### Description of the task
Reproduction of part of the material below, pictures omitted: copy exactly, and only, the lines starting with the one with "This is done" and going on through the one with "For more information, visit".

### Data block
____

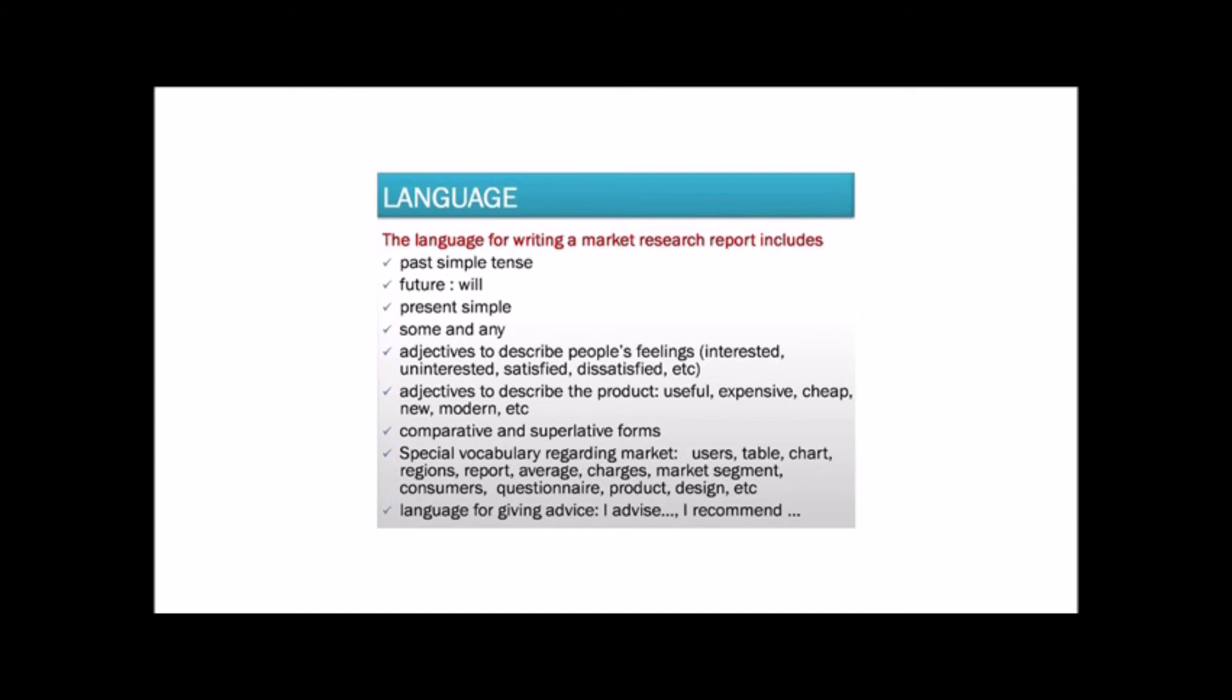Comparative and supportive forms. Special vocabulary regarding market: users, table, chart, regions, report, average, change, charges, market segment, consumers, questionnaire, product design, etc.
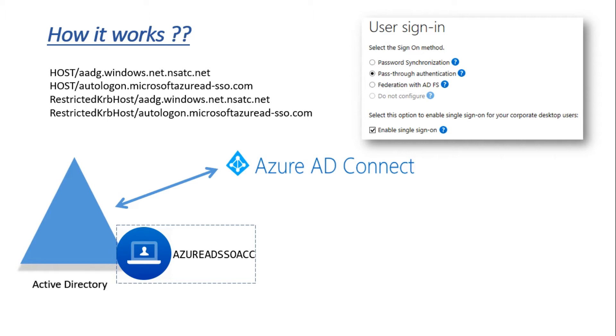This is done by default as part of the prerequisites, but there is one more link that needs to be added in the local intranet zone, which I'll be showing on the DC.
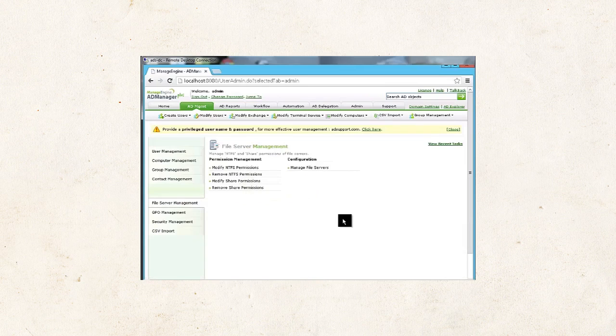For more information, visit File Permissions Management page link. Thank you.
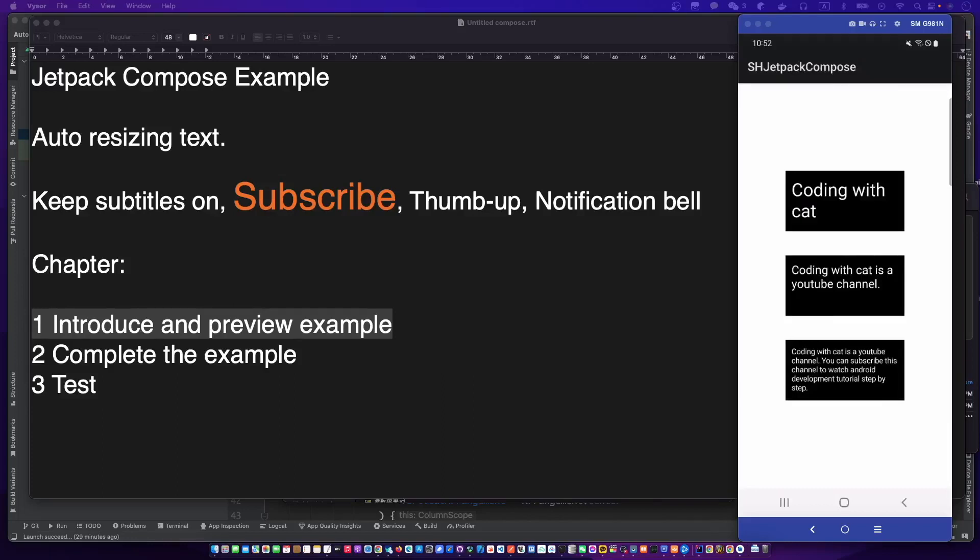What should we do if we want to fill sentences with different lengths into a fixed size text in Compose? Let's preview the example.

____

### Exercise response
This is done by default as part of the prerequisites, but there is one more link that needs to be added in the local intranet zone, which I'll be showing on the DC.
For more information, visit File Permissions Management page link. Thank you.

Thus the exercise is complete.